You gotta love autumn baseball, especially when the Blue Jays are providing such dramatic late-season entertainment.
Toronto’s team has given Major League Baseball (MLB) - the entire sport in fact - a needed boost out of the gloom that has come with two seasons of Covid constraints.
The youthful Jays have won 18 of their last 22 games, winning series over Oakland A’s, New York Yankees, Baltimore Orioles, Tampa Bay Rays and Minnesota Twins. And, some of those games were won with dramatic come-from-behind scoring outbursts in late innings.
There were difficult games to be played this week with more excitement and a possibility of the Jays making the playoffs. Whatever happens in coming days, these Jays have provided some great baseball watching.
It’s all been wonderful, with one exception: the spitting. Spitting during the deadliest infectious disease outbreak in 100 years.
Why spitting continues to be allowed in baseball is beyond me. One would have expected to see it finally disappear during the Covid-19 pandemic.

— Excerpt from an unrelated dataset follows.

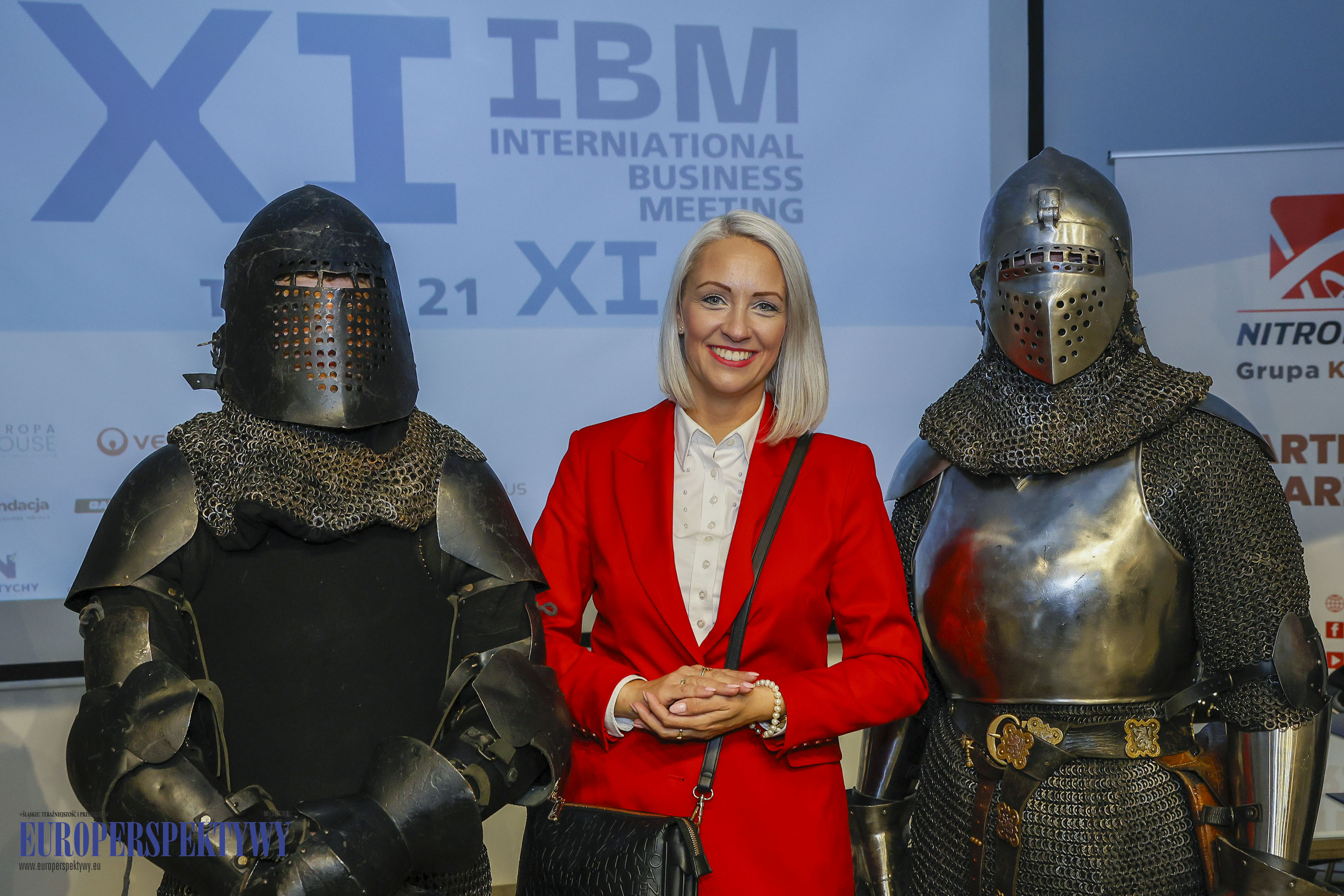_MG_1733 Europerspektywy International Business Meeting Silesia 2024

MLB has banned spitting during Covid but no one seems to be paying attention. As far as I know there is no enforcement and no fines or suspensions for any players who continue to spit.
I messaged MLB officials to ask why spitting continues. Is the ban still in effect? I didn’t receive a reply.

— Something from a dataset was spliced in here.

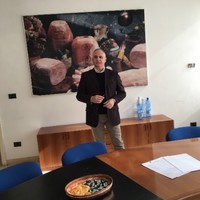 Stefano La Terra
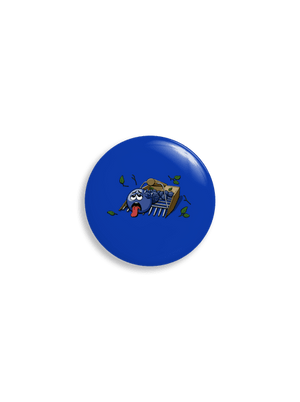 placka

Newsday, the Long Island New York newspaper, reported earlier this year that the MLB spitting ban remains in effect for the 2021 season.
The league, reporters who cover professional baseball and the folks who broadcast the games apparently are content to ignore the spitting issue.
Spitting has been a major part of baseball since the first pitch crossed a home plate. Spit has been used to soften new gloves, to get a better grip on the bat and to give pitchers a better feel and grip on the ball.
Spitting is believed to have started early in baseball history when games were played in hot, dusty locations. Players chewed tobacco to keep their mouths moist, spitting as they chewed.
About 10 years ago, players and MLB agreed tobacco would not be chewed in the presence of fans. Then last year when Covid struck, MLB banned spitting and spitting paraphernalia like sunflower seeds, shelled peanuts and tobacco.
Some argue that spitting on the baseball diamond is not a serious problem in terms of spreading disease. Players are well separated for much of a game and other Covid protections are in place.
Some catchers certainly are not comfortable with the continued spitting.
“People spit at home plate when I’m squatting and it blows in my face,” Washington Nationals catcher Kurt Suzuki said in a newspaper interview. “That stuff happens all the time. It’s nuts.”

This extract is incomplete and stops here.